Hepatitis C and insulin resistance

Many people with HIV are also co-infected with hepatitis C.

Although hepatitis C can be treated, the therapy doesn’t always work, and only about a third of people with HIV who have had hepatitis C for a long time clear the virus after completing this treatment.

Researchers are trying to find ways of improving the response of people with HIV to hepatitis C therapy.

Spanish researchers have found that insulin resistance – an inability to process sugars properly – is associated with a poorer response to hepatitis C therapy in co-infected patients.

Their research involved 134 patients who, between 2000 and 2007, were treated with ribavirin and interferon.

They looked at the factors associated with successful hepatitis C therapy (a negative hepatitis C viral load, six months after the completion of 48 weeks of treatment, an outcome that is often described as a ‘sustained virological response’).

Analysis showed that patients who didn’t have insulin resistance were about three times more likely to have a sustained virological response than patients who had insulin resistance.

This finding was unaltered when the investigators took into account factors such as age, gender, body mass index, type of interferon used in therapy, and fibrosis stage.
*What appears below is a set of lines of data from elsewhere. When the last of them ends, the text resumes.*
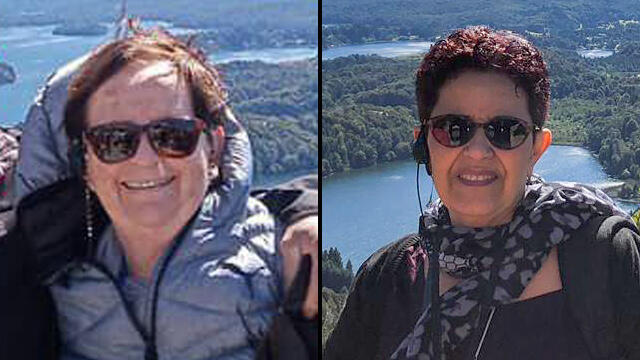 Галила Битон и Дина Порат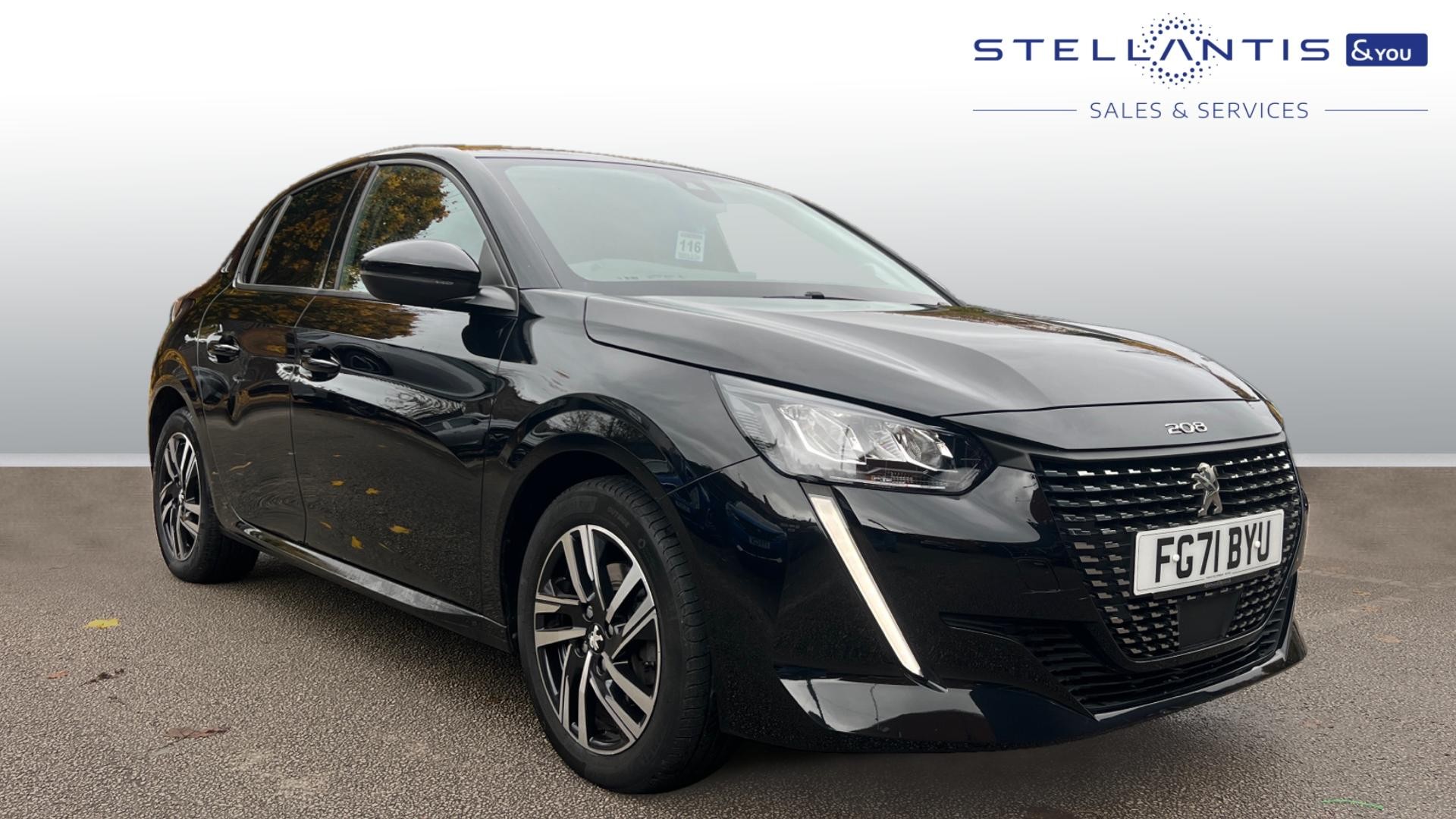 Main listing image - Peugeot 208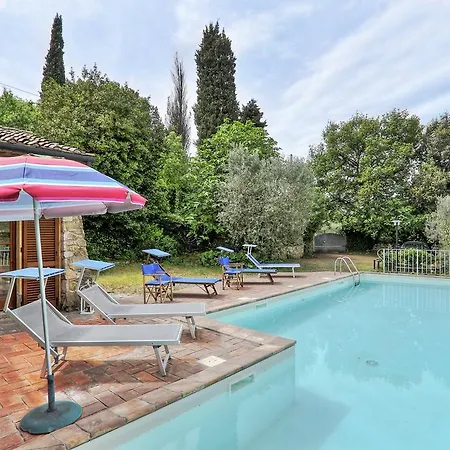 Graziella Villa Montescudaio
Your ability to process sugar can be easily monitored, and if you have insulin resistance, it’s often possible to do something about it.

CD4 cell count and viral load

Your routine HIV care will involve a number of blood tests to see how the virus is affecting your health.

Two of the most important tests are CD4 cell count and viral load.

Your CD4 cell count gives a rough idea of the health of your immune system, and your viral load shows how active HIV is within your body.

If you’re not taking HIV treatment, it’s usual for your CD4 cell count to gradually decline. However, the viral load of many people remains steady until it increases shortly before they become very ill with HIV and develop an AIDS-defining illness.

The viral load test monitors the amount of HIV in blood. Other tests can monitor the amount of virus in cells.

Dutch researchers have found that increases in viral load in cells are associated with a loss of CD4 cells.

They monitored patients who were not taking HIV treatment and who were not ill because of HIV.

Their research showed that, as expected, there was a fall in the patients’ CD4 cell counts.

However, viral load in their blood did not increase.

But falls in CD4 cell counts could be correlated with increases in viral load in cells.

There were only ten patients in the study, so the researchers are calling for more research to see how reliable their findings are.